SWR2 Buch der Woche vom 19.2.2018

Peter Stamm: Die sanfte Gleichgültigkeit der Welt

Stand
AUTOR/IN
Julia Schröder

Vier Personen, die auf geheimnisvolle Weise und über große Zeiträume hinweg miteinander verbunden sind: Sind sie Doppel- oder Wiedergänger? Kannten sie sich einmal und begegnen sich jetzt wieder - oder sind es Phantasmagorien, Wunschbilder?

Der große Schweizer Erzähler Peter Stamm verknüpft in seinem siebten Roman Motive der Romantik mit dem Lieben und Leiden der Gegenwart. Eine Geschichte vom Verlieren und Finden der Liebe, von Zufall und Notwendigkeit, die um die Frage kreist: Wer erzählt mein Leben?

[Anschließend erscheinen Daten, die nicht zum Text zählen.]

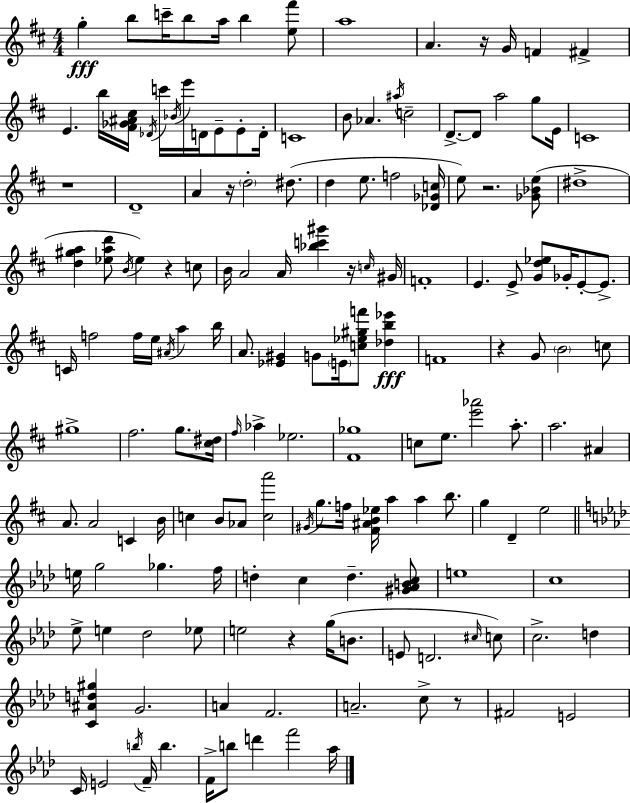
{
  \clef treble
  \numericTimeSignature
  \time 4/4
  \key d \major
  \repeat volta 2 { g''4-.\fff b''8 c'''16-- b''8 a''16 b''4 <e'' fis'''>8 | a''1 | a'4. r16 g'16 f'4 fis'4-> | e'4. b''16 <fis' ges' ais' cis''>16 \acciaccatura { des'16 } c'''16 \acciaccatura { bes'16 } e'''16 d'16 e'8-- e'8-. | \break d'16-. c'1 | b'8 aes'4. \acciaccatura { ais''16 } c''2-- | d'8.->~~ d'8 a''2 | g''8 e'16 c'1 | \break r1 | d'1-- | a'4 r16 \parenthesize d''2-. | dis''8.( d''4 e''8. f''2 | \break <des' ges' c''>16 e''8) r2. | <ges' bes' e''>8( dis''1-> | <d'' gis'' a''>4 <ees'' a'' d'''>8 \acciaccatura { b'16 } ees''4) r4 | c''8 b'16 a'2 a'16 <bes'' c''' gis'''>4 | \break r16 \grace { c''16 } gis'16 f'1-. | e'4. e'8-> <g' d'' ees''>8 ges'16-. | e'8-.~~ e'8.-> c'16 f''2 f''16 e''16 | \acciaccatura { ais'16 } a''4 b''16 a'8. <ees' gis'>4 g'8 \parenthesize e'16 | \break <c'' ees'' gis'' f'''>8 <des'' b'' ees'''>4\fff f'1 | r4 g'8 \parenthesize b'2 | c''8 gis''1-> | fis''2. | \break g''8. <cis'' dis''>16 \grace { fis''16 } aes''4-> ees''2. | <fis' ges''>1 | c''8 e''8. <e''' aes'''>2 | a''8.-. a''2. | \break ais'4 a'8. a'2 | c'4 b'16 c''4 b'8 aes'8 <c'' a'''>2 | \acciaccatura { gis'16 } g''8. f''16 <fis' ais' b' ees''>16 a''4 | a''4 b''8. g''4 d'4-- | \break e''2 \bar "||" \break \key f \minor e''16 g''2 ges''4. f''16 | d''4-. c''4 d''4.-- <gis' aes' b' c''>8 | e''1 | c''1 | \break ees''8-> e''4 des''2 ees''8 | e''2 r4 g''16( b'8. | e'8 d'2. \grace { cis''16 } c''8) | c''2.-> d''4 | \break <c' ais' d'' gis''>4 g'2. | a'4 f'2. | a'2.-- c''8-> r8 | fis'2 e'2 | \break c'16 e'2 \acciaccatura { b''16 } f'16-- b''4. | f'16-> b''8 d'''4 f'''2 | aes''16 } \bar "|."
}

Eine gegenwärtige Thematik inszeniert mit romantischer Motivik

Peter Stamm, der Spezialist der vielsagenden Unschärfe, hat für seinen siebten Roman ein durch und durch romantisches Motiv gewählt. „Die sanfte Gleichgültigkeit der Welt“, so der Titel des Buchs, ist eine Doppelgängergeschichte, eine doppelte Doppelgängergeschichte sogar, und damit zugleich die eines magischen Vierecks aus Wahlverwandtschaften.

Es geht um Christoph und Chris, Magdalena und Lena, einen Schriftsteller und seine Geliebte – sowie deren später geborene oder vielleicht erfundene Gegenbilder und Wiedergänger. Es geht um das Verlieren und das Finden der Liebe, um Zufall und Bestimmung, und es geht um die Brüchigkeit und Zufälligkeit von so etwas wie Identität. Denn die durch und durch romantische Konstellation dieses Romans verhandelt ein ganz und gar gegenwärtiges Thema: Wer erzählt mein Leben?

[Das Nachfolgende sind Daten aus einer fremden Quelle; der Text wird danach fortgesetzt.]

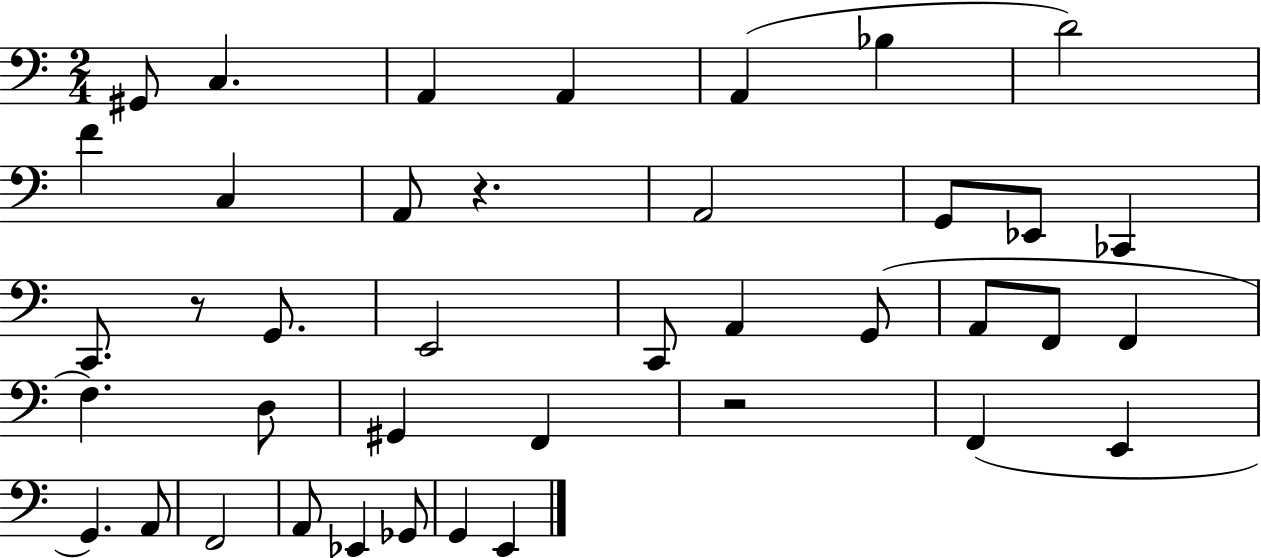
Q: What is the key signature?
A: C major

Auch diesen Roman zeichnen verschachtelte Verhältnisse aus

Stamm-Leser erinnern sich: Just dies war auch die Frage, der sich vor zwei Jahrzehnten sein erfolgreiches Romandebüt „Agnes“ stellte. Aber anders als in „Agnes“ erzählt Stamm jetzt keine zunächst realistisch anmutende Geschichte, sondern eine, die von allem Anfang an Züge des Fantastisch-Märchenhaften hat - auch dies ein Erbe der Romantik.

Die Rahmenhandlung macht uns zu Beginn mit einem alten und einsamen Mann bekannt, der rätselhaften Besuch bekommt:

Damit und mit dem Aufbruch des alten Mannes in die ungefähre Landschaft eines frostkalten Wintertags setzt eine Erinnerung ein, die immer wieder gebrochen wird. Denn Peter Stamm erweist sich auch in diesem Buch als Liebhaber verschachtelter zeitlicher Verhältnisse. Christoph - so heißt der alte Mann - erinnert sich an ein Treffen mit der jungen Schauspielerin Lena. Ihr hatte er während eines sehr langen Spaziergangs durch Stockholm erzählt, warum er nur ein einziges Buch geschrieben und veröffentlicht hat.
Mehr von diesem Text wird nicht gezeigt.